With regard to obtaining racing news content I get most of my news and information on free websites and blogs. I start with the Thoroughbred Bloggers Alliance (TBA) homepage each morning where I can access anything I want to know from both TBA and non-TBA bloggers on the big Stakes races, National and International Issues as well as issues of a specific interest to me such as the ongoing NYRA slots issue.
I'll still buy the Daily Racing Form when I am at the track, ( I think I would feel naked without a copy of it under my arm) but other than that, the writing available on the web is so good, so well researched and accurate I don't need to pay for a newspaper or subscriber website to get the information I am looking for.

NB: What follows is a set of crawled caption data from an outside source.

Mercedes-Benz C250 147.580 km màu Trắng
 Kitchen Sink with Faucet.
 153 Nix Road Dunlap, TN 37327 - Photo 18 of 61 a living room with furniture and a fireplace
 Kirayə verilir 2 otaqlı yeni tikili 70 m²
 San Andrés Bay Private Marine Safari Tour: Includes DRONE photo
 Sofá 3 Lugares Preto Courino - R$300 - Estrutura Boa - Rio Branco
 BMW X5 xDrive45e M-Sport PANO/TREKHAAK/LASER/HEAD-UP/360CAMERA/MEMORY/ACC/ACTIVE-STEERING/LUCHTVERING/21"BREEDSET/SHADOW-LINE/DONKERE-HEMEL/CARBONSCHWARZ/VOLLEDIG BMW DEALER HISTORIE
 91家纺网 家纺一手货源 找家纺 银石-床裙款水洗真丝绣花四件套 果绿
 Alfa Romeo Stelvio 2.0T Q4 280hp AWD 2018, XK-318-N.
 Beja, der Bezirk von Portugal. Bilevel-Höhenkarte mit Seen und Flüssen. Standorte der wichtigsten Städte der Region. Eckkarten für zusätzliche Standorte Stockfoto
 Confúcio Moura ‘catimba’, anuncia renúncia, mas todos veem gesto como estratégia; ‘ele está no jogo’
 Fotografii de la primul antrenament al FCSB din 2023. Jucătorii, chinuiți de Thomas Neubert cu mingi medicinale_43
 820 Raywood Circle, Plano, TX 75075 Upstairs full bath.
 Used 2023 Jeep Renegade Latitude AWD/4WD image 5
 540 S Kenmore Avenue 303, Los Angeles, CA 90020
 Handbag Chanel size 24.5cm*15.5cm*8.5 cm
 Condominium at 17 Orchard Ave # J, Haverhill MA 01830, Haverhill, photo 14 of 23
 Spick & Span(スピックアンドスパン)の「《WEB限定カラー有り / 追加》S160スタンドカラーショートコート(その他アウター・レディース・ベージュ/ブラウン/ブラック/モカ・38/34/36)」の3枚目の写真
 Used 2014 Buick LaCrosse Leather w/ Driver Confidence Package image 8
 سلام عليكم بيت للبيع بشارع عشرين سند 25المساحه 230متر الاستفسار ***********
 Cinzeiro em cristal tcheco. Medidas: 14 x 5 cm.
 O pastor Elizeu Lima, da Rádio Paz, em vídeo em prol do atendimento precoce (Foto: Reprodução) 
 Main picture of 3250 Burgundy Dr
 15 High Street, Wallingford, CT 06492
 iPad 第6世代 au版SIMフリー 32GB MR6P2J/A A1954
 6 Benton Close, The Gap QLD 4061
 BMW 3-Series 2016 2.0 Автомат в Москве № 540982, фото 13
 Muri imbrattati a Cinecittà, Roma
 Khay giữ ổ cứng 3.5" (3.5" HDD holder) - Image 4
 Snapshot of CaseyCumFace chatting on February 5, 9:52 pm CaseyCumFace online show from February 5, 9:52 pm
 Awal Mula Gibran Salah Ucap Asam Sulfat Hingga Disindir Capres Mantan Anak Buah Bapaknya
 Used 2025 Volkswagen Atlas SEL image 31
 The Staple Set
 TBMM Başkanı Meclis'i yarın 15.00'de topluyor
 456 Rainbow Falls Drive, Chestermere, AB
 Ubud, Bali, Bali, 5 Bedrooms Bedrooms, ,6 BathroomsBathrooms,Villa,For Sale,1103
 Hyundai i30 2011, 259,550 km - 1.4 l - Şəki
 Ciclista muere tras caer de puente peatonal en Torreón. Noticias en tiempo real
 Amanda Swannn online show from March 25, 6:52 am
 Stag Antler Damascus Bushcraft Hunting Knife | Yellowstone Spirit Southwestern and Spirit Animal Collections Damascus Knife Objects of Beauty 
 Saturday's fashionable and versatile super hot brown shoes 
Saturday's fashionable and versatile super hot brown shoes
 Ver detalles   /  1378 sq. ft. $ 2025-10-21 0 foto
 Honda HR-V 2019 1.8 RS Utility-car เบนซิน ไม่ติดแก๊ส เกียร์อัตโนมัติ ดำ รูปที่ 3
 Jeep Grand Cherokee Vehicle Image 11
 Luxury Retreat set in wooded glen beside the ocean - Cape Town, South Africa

I have no problem paying for quality content, I just don't know how you make it work, when the information available now for free is of equal quality. In fact on the NYRA issue alone no paid newspaper can compare on a consistent basis to the information I have read from my brethren at the TBA including Alan at Left at the Gate and Steve at The Business of Racing.
For more on this issue, the NY Times reports on publishers trying to reverse the trend, by setting up systems where some of the online content will be available for paying subscribers only.
However, it may be too late. The most telling comment in the whole NY Times article is this quote from media consultant Alan D. Mutter:
“One of the problems is newspapers fired so many journalists and turned them loose to start so many blogs,” Mr. Mutter said. “They should have executed them. They wouldn’t have had competition. But they foolishly let them out alive.”